Work to be completed: Copy the listing exactly, please, and keep every picture out of it.
- - -
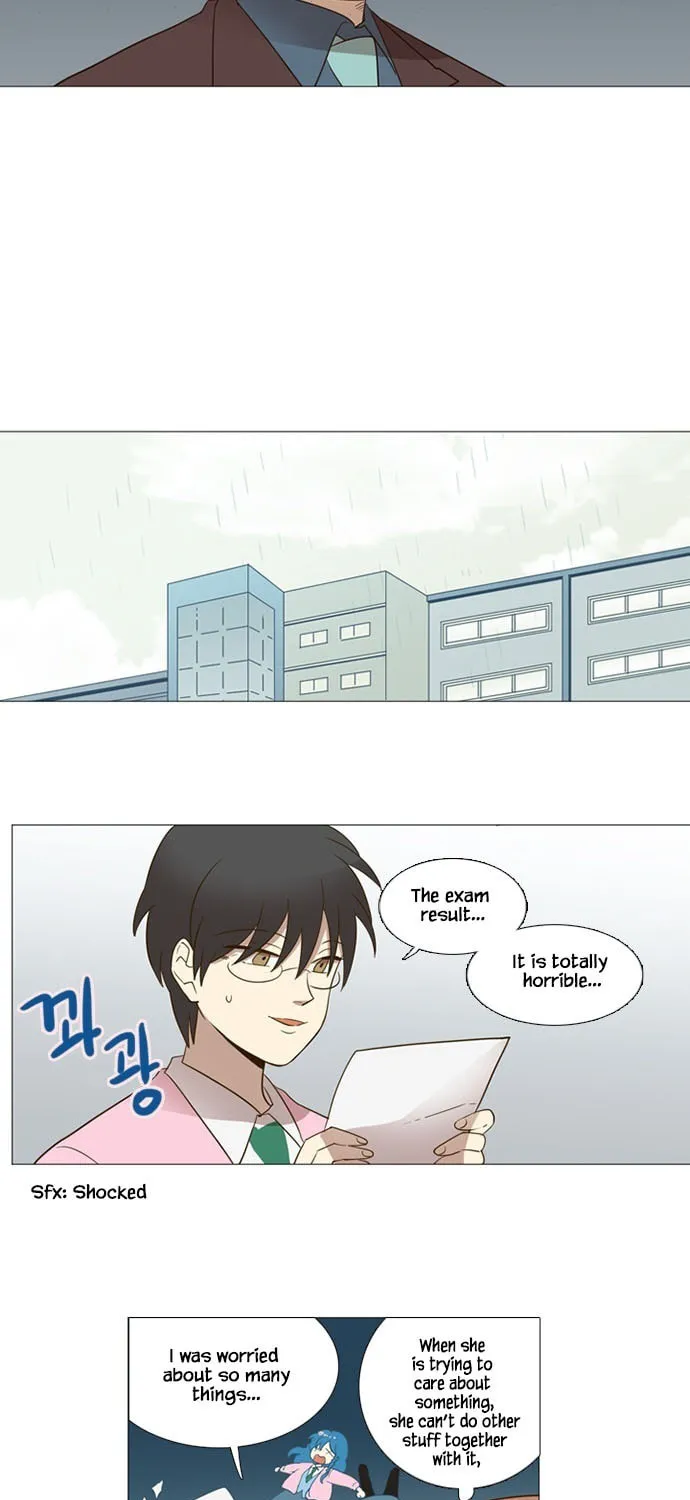 Read Banjungnyok Sonyo chapter 63 image 24 on Lezhin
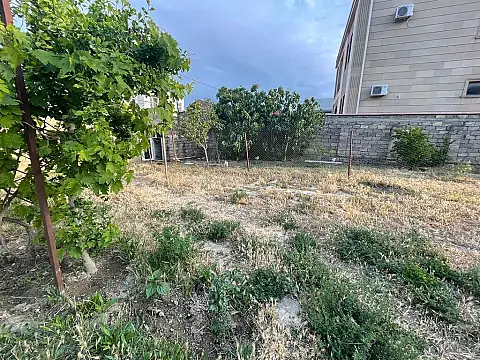 Satılır torpaq sahəsi 7.5 m²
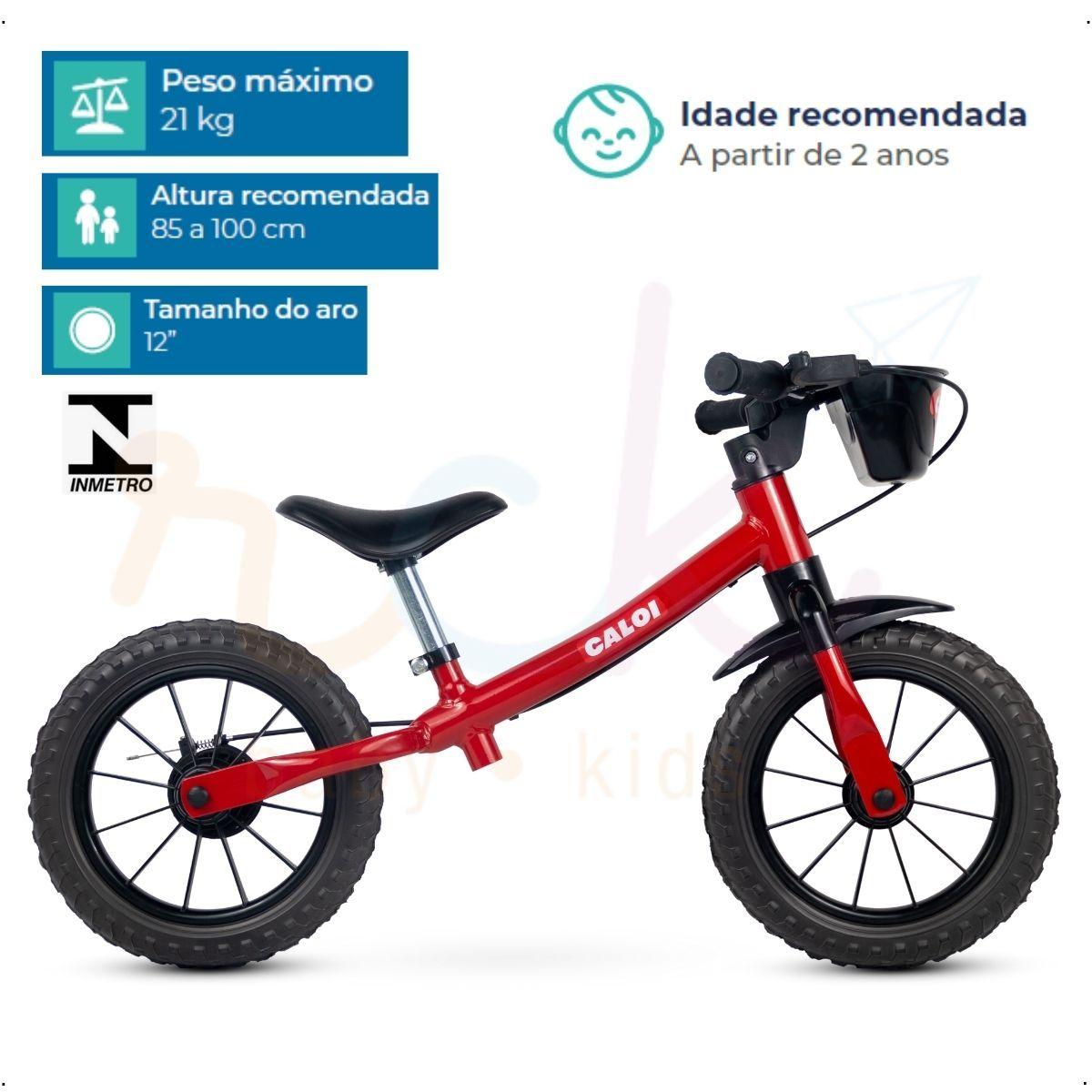 Bicicleta Balance Bicicleta Recomendada Para Niño De 12 Años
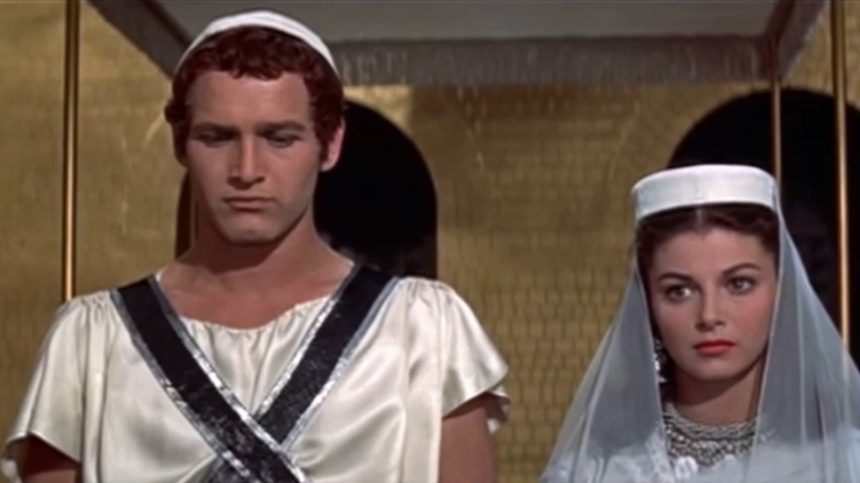 Paul Newman Called This Disastrous ’50s Flop His Worst Movie Ever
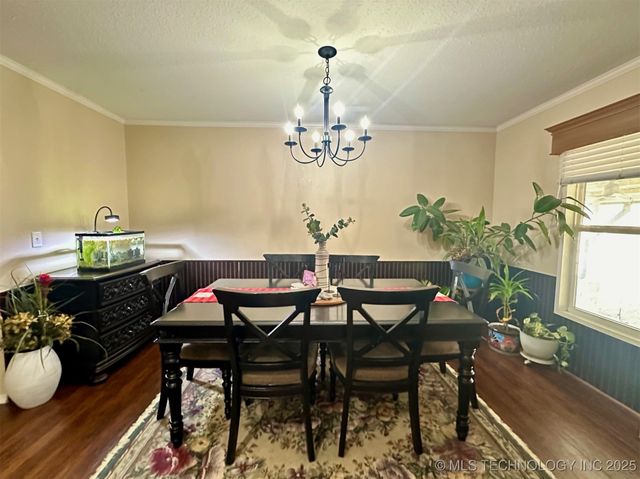 4770 Angler Circle, Kingston, OK 73439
- - -
Output for this exercise:
 Read Banjungnyok Sonyo chapter 63 image 24 on Lezhin
 Satılır torpaq sahəsi 7.5 m²
 Bicicleta Balance Bicicleta Recomendada Para Niño De 12 Años
 Paul Newman Called This Disastrous ’50s Flop His Worst Movie Ever
 4770 Angler Circle, Kingston, OK 73439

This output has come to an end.